● **Records for processing**:
>>
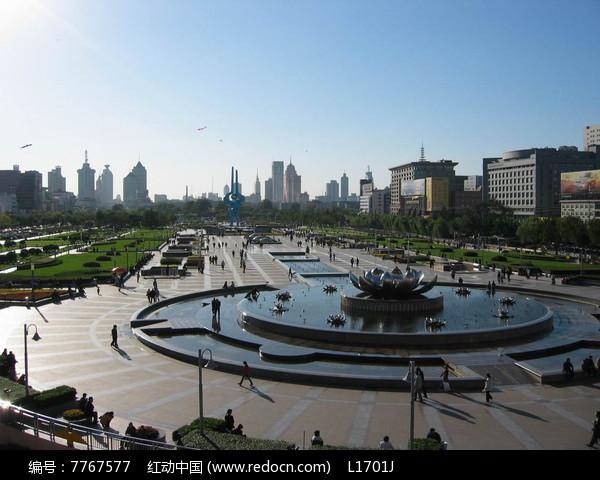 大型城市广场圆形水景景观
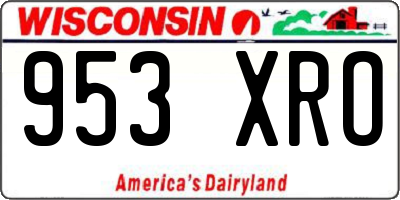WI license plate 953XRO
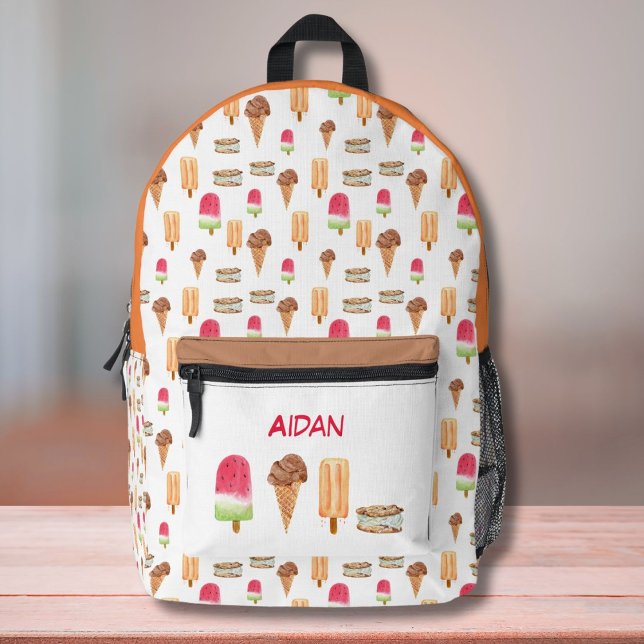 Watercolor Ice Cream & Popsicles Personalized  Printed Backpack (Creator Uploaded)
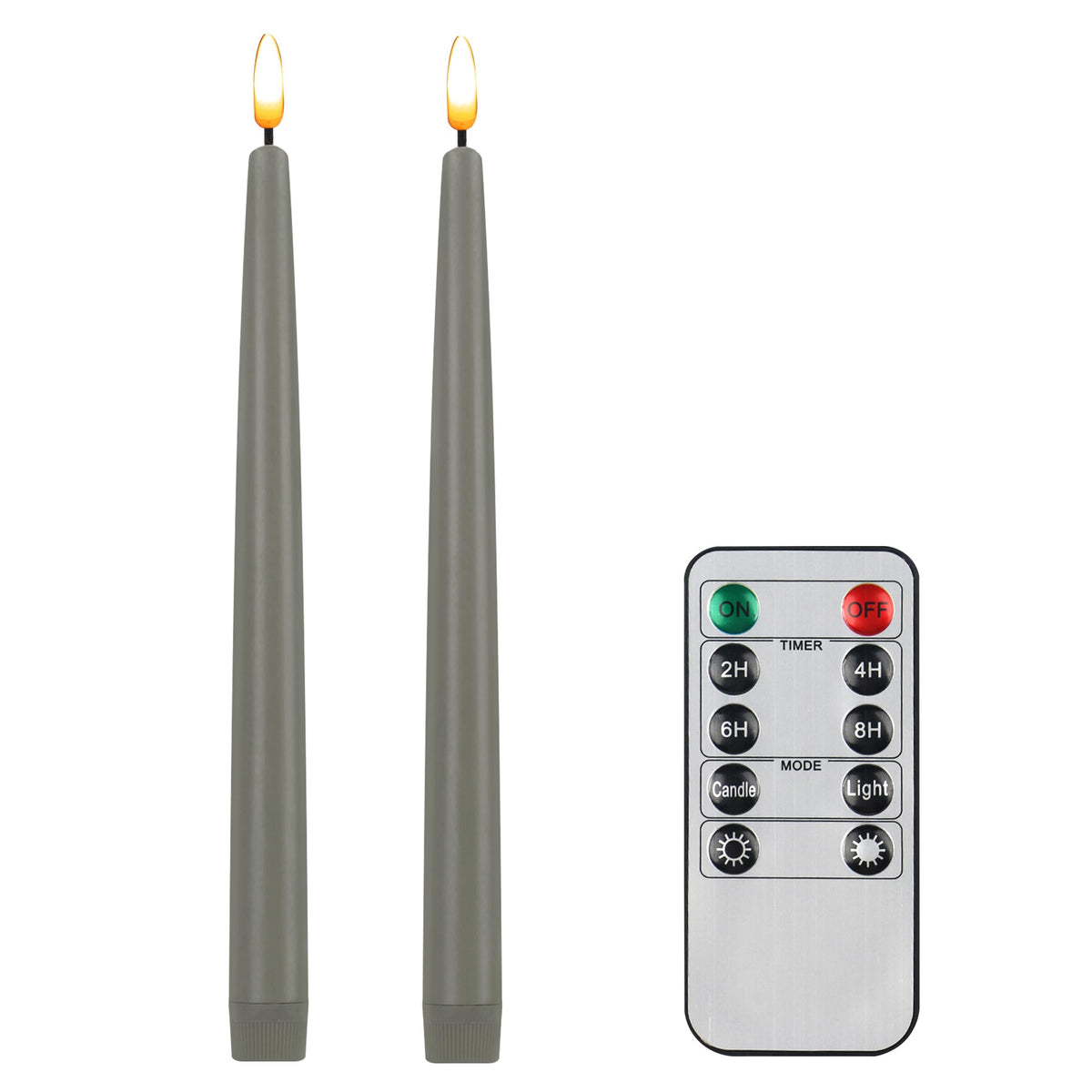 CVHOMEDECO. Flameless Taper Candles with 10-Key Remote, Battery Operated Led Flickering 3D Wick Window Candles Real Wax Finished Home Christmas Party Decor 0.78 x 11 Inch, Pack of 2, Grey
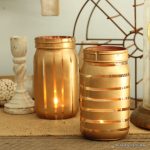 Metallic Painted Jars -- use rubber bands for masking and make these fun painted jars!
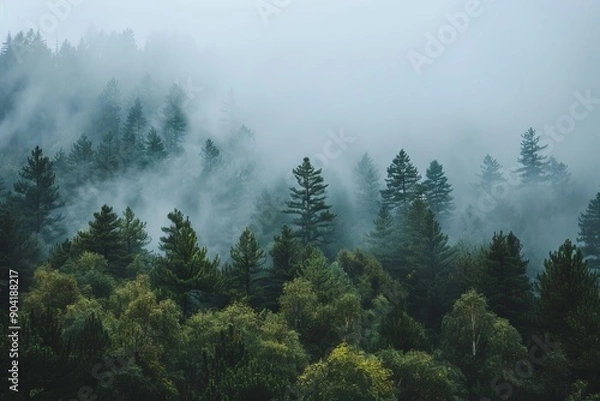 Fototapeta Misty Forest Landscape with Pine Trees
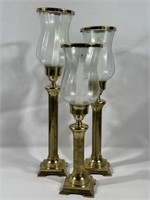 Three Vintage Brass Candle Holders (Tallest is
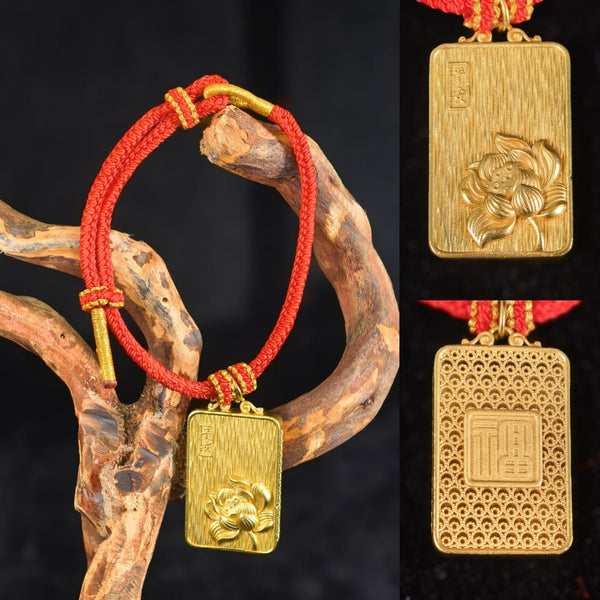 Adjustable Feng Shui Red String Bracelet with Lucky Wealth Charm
<<
>>
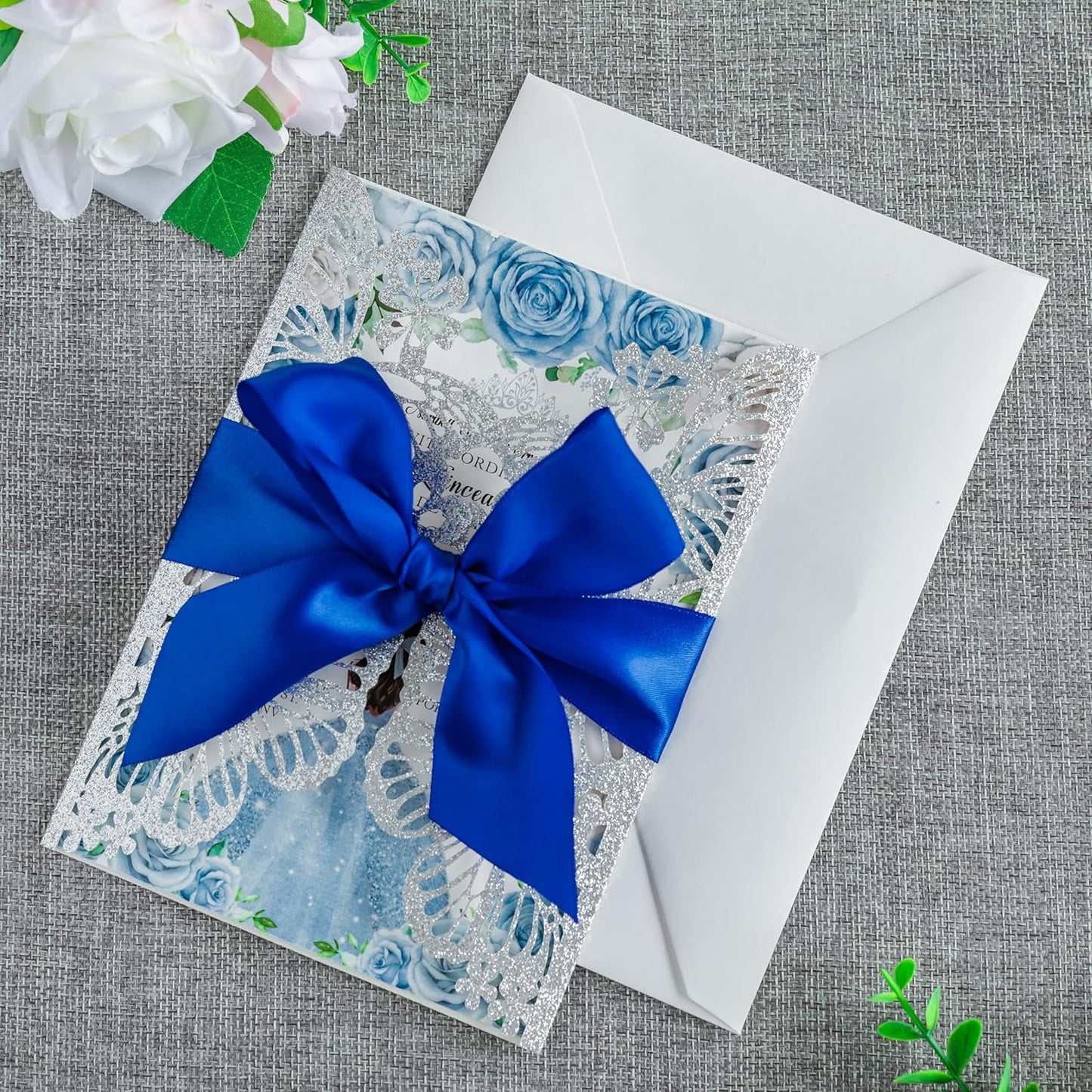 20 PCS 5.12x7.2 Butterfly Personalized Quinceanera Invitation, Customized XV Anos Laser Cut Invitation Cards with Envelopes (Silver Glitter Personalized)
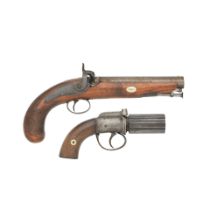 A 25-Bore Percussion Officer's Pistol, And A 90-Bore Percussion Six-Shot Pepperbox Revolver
<<
● **The task**: What is needed is an exact copy of the lines above from the one with "大型城市广场圆形水景景观" to the one with "Adjustable Feng Shui", both ends kept, and nothing more; please leave the pictures out.

● **Written response**:
 大型城市广场圆形水景景观
WI license plate 953XRO
 Watercolor Ice Cream & Popsicles Personalized  Printed Backpack (Creator Uploaded)
 CVHOMEDECO. Flameless Taper Candles with 10-Key Remote, Battery Operated Led Flickering 3D Wick Window Candles Real Wax Finished Home Christmas Party Decor 0.78 x 11 Inch, Pack of 2, Grey
 Metallic Painted Jars -- use rubber bands for masking and make these fun painted jars!
 Fototapeta Misty Forest Landscape with Pine Trees
 Three Vintage Brass Candle Holders (Tallest is
 Adjustable Feng Shui Red String Bracelet with Lucky Wealth Charm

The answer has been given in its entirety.